Excerpted records
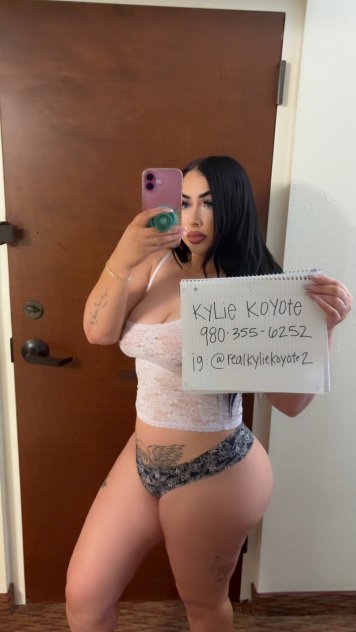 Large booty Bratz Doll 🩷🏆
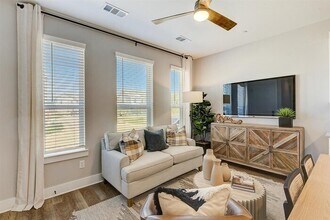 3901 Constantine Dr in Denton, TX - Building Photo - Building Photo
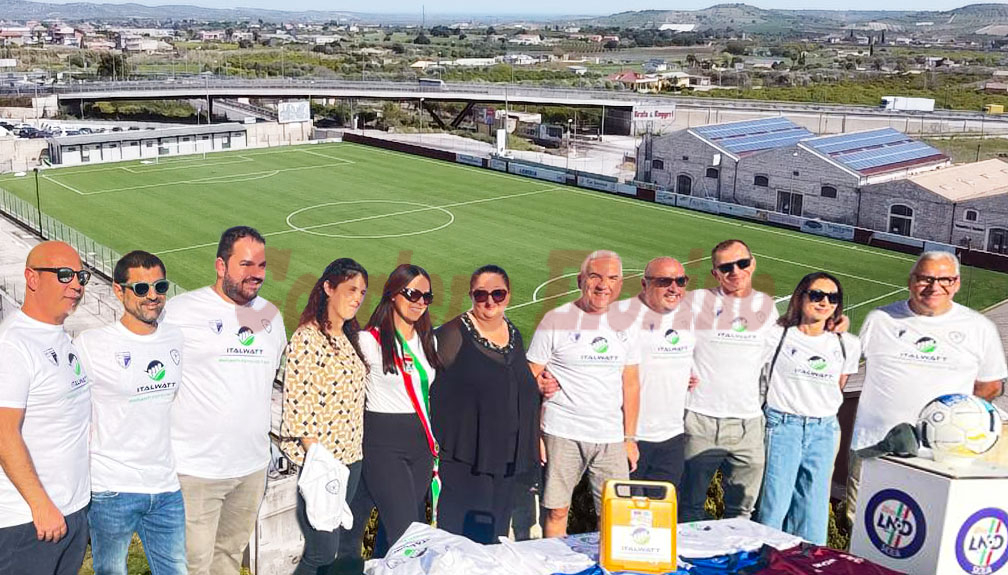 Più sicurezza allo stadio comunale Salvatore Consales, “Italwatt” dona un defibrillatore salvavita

---

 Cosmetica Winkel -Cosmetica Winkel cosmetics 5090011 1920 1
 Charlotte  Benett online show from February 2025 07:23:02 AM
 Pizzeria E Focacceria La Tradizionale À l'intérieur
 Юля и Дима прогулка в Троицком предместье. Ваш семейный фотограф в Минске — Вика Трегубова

Exercise requirements
Would you please repeat exactly the lines above, starting at the line with "2025 07:23:02 AM" and stopping at the line with "Юля и Дима прогулка", both included?

Expected answer
 Charlotte  Benett online show from February 2025 07:23:02 AM
 Pizzeria E Focacceria La Tradizionale À l'intérieur
 Юля и Дима прогулка в Троицком предместье. Ваш семейный фотограф в Минске — Вика Трегубова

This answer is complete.